Lopera-Mesa Tatiana Maria, Kushwaha Ashima, Mohmmed Asif, Chauhan Virander Singh
International Centre for Genetic Engineering and Biotechnology, Aruna Asaf Ali Marg, PO Box 10504, New Delhi 110067, India.
Vaccine. 2008 Mar 4;26(10):1335-43. doi: 10.1016/j.vaccine.2007.12.042. Epub 2008 Jan 18.
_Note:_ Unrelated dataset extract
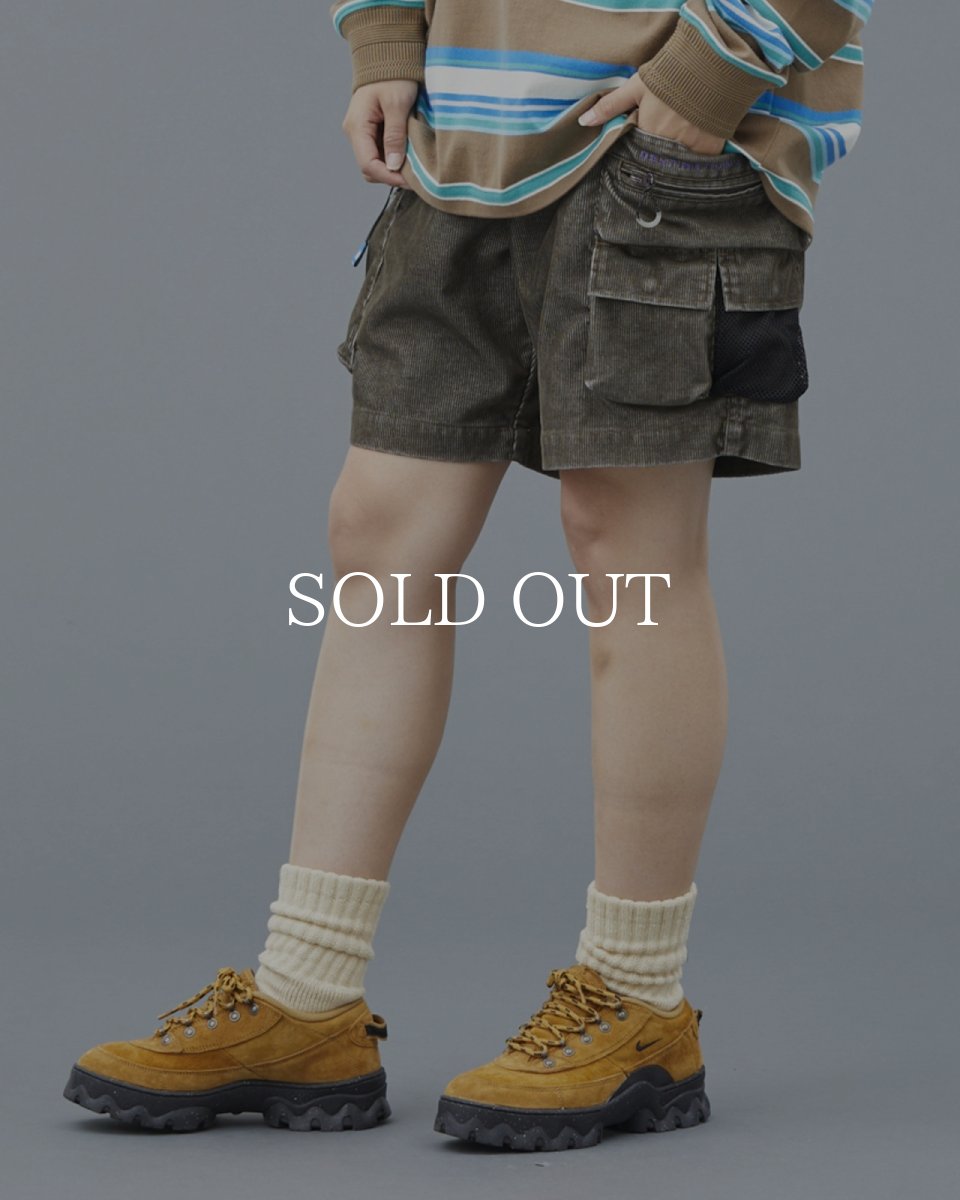 画像42: Liberaiders  CORDUROY UTILITY SHORTS (42)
Merozoite surface protein-9 (MSP-9) from Plasmodium is considered a promising vaccine candidate due to its location and possible role in erythrocyte invasion. We report the identification and characterization of Plasmodium berghei MSP-9 (PbMSP-9) and its properties as an immunogen using a recombinant PbMSP-9 fragment to immunize BALB/c mice. PbMSP-9 was found to harbor erythrocyte binding and serine protease activity. PbMSP-9 formulation in alum was highly immunogenic in BALB/c mice. To evaluate the protective efficacy, immunized mice were submitted to homologous challenge with P. berghei NK65 blood-stage parasites. Protection against the parasite challenge was observed in BALB/c mice immunized with the PbMSP-9 formulation. These results suggest for the first time that MSP-9 based immunogens may constitute part of an effective malaria vaccine.
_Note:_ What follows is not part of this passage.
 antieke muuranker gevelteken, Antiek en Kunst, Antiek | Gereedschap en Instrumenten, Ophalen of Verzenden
由于疟原虫裂殖子表面蛋白9(MSP-9)的位置及其在红细胞入侵中可能发挥的作用,它被认为是一种很有前景的疫苗候选物。我们报告了伯氏疟原虫MSP-9(PbMSP-9)的鉴定与特性,以及使用重组PbMSP-9片段免疫BALB/c小鼠时其作为免疫原的特性。发现PbMSP-9具有红细胞结合和丝氨酸蛋白酶活性。明矾中的PbMSP-9制剂在BALB/c小鼠中具有高度免疫原性。为了评估保护效力,用伯氏疟原虫NK65血期寄生虫对免疫小鼠进行同源攻击。在用PbMSP-9制剂免疫的BALB/c小鼠中观察到了对寄生虫攻击的保护作用。这些结果首次表明基于MSP-9的免疫原可能构成有效疟疾疫苗的一部分。